Firstly, I would like to make it clear that ‘assisted suicide’ in this statement is referring to active euthanasia which is performed by a doctor. This may be an injection or a form of medication which are both administered by the doctor to a terminally ill patient with a significantly reduced quality of life. In regards to this statement, we are not referring to passive euthanasia in which medication is withdrawn or a life support machine is switched off. Also, the statement only applies to terminally ill patients. This was a common misunderstanding amongst the debaters so I thought it would be worth clarifying it.

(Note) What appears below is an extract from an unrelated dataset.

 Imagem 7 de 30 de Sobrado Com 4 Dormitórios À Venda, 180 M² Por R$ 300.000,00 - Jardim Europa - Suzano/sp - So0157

Physician-assisted suicide and euthanasia have been profound ethical issues confronting doctors since the birth of Western medicine, more than 2,000 years ago.”
― Ezekiel Emanuel
Patient’s best interests:
- Legalising euthanasia may cause an ill or disabled people to feel under pressure to end their lives, perhaps because of the cost of the medical treatment needed to keep them alive, or because they do not want to be a ‘burden’ on friends and family.
- Advances in palliative care and mental health treatment mean there is no reason why any person should ever feel that they are suffering intolerably.
- Legalising euthanasia may discourage research into palliative treatments, and possibly prevent cures for people with terminal illnesses being found – this would not be fair towards those who do not want to end their lives.
- Occasionally, doctors may be mistaken about a person’s diagnosis and outlook, and the person may choose euthanasia after being wrongly told that they have a terminal condition.
- The patient’s request for euthanasia could actually be a ‘cry for help’, implying that life is not worth living now but could be worth living if various symptoms or fears were managed.
- A patient could request euthanasia for a passing phase of their disease, but is likely to feel much better in a while.
The Slippery Slope Argument:
- Voluntary euthanasia is the start of a slippery slope that leads to involuntary euthanasia and the killing of people who are thought undesirable.
- If the government starts killing its own citizens it will result in a very dangerous precedent being set.
- Many people believe that only God has the right to end a human life. Euthanasia weakens society’s respect for the sanctity of life
- Some non-religious people may also have similar beliefs based on the view that permitting euthanasia and assisted suicide ‘devalues’ life.
- Legalising euthanasia could lead to significant unintended changes in our healthcare system and society at large that we would later come to regret. Allowing euthanasia undermines the commitment of doctors and nurses to saving lives.
- Asking doctors to abandon their obligation to preserve human life could potentially damage the doctor-patient relationship.
- Hastening death on a regular basis could become a routine administrative task for doctors, leading to a lack of compassion when dealing with elderly, disabled or terminally ill people.
- Euthanasia may become a cost-effective way to treat the terminally ill.
- Asking doctors, nurses or any other healthcare professional to carry out euthanasia or assist in a suicide would be a violation of fundamental medical ethics. in the words of the International Code of Medical Ethics, is: “A physician shall always bear in mind the obligation to respect human life”.